Every forecaster and auto_forecaster has a backtest method. functime supports both expanding_window_split and sliding_window_split for backtesting and cross-validation.

from functime.forecasting import linear_model

forecaster = linear_model(lags=24, fit_intercept=False, freq="1mo")
y_preds, y_resids = forecaster.backtest(
    y=y_train,
    X=X_train,
    test_size=6,
    step_size=1,
    n_splits=3,
    window_size=1,  # Only applicable if `strategy` equals "sliding"
    strategy="expanding",
    # Raises ValueError if drop_short=False and there are
    # entities with insufficient length for cross-validation
    drop_short=True
)

Probabilistic Forecasts

functime supports two methods for generating prediction intervals.

Quantile Regression

Supported by LightGBM, XGBoost, and Catboost forecasters and their automated equivalents.

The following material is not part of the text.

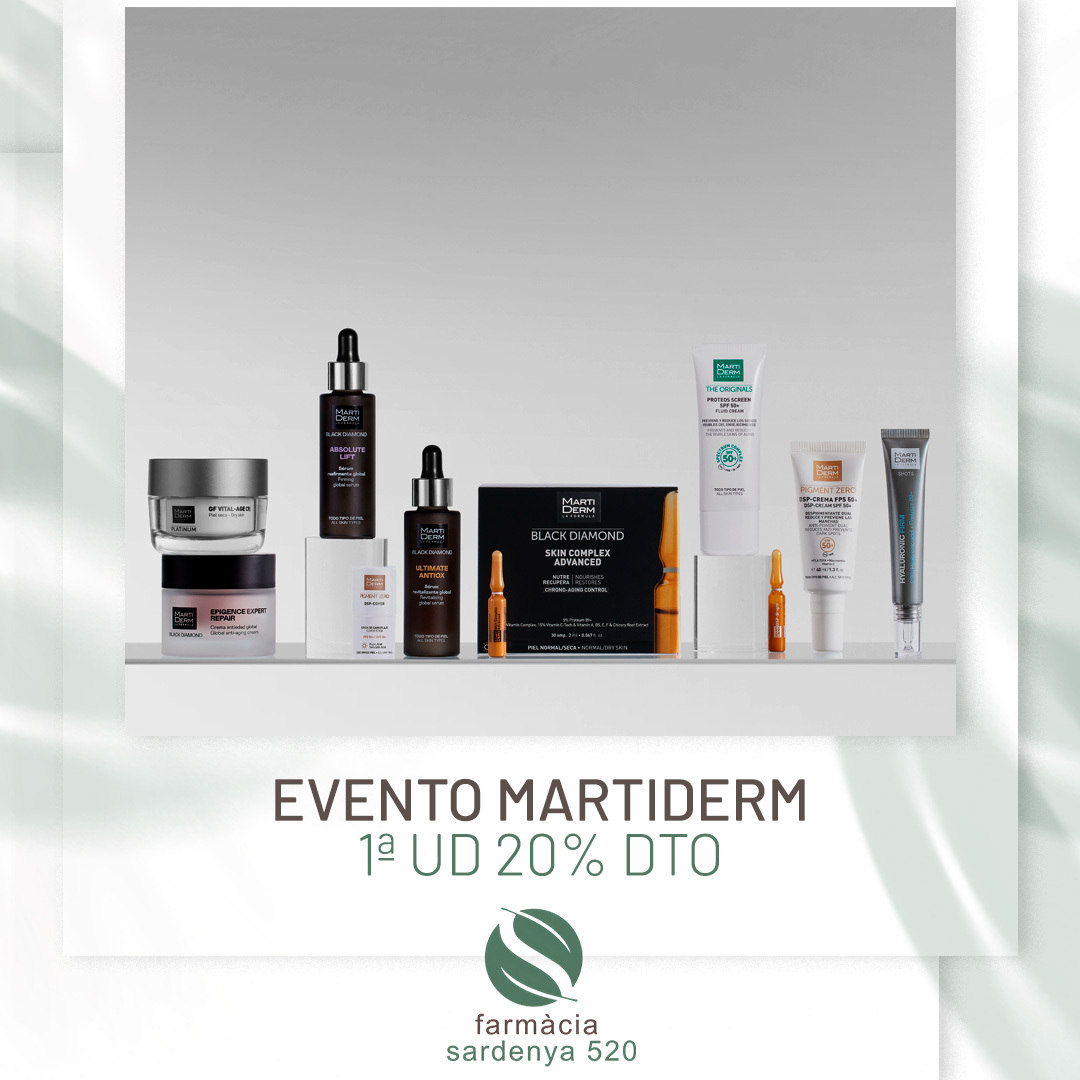 EVENTO MARTIDERM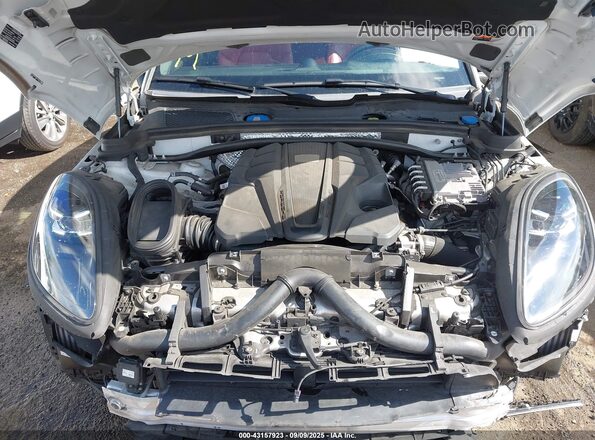 WP1AB2A55LLB34735 2020 PORSCHE MACAN White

from functime.forecasting import auto_lightgbm

# Forecasts at 10th and 90th percentile
y_pred_10 = auto_lightgbm(alpha=0.1, freq="1d")(y=y_train, fh=28)
y_pred_90 = auto_lightgbm(alpha=0.9, freq="1d")(y=y_train, fh=28)

Conformal Prediction

functime currently supports batch prediction intervals (EnbPI) from the paper Conformal prediction interval for dynamic time-series

from functime.conformal import conformalize
from functime.forecasting import linear_model

forecaster = linear_model(lags=24, fit_intercept=False, freq="1mo")
y_preds, y_resids = forecaster.backtest(y=y_train, X=X_train)
# Forecasts at 10th and 90th percentile
# Requires forecast (y_pred), backtest values (y_preds),
# and residuals from backtest (y_resid)
y_pred_quantiles = conformalize(
    y_pred=y_pred,
    y_preds=y_preds,
    y_resids=y_resids,
    alphas=[0.1, 0.9]
)

  1. Montero-Manso, P., & Hyndman, R. J. (2021). Principles and algorithms for forecasting groups of time series: Locality and globality. International Journal of Forecasting, 37(4), 1632-1653. 

  2. Makridakis, S., Spiliotis, E., & Assimakopoulos, V. (2022). M5 accuracy competition: Results, findings, and conclusions. International Journal of Forecasting.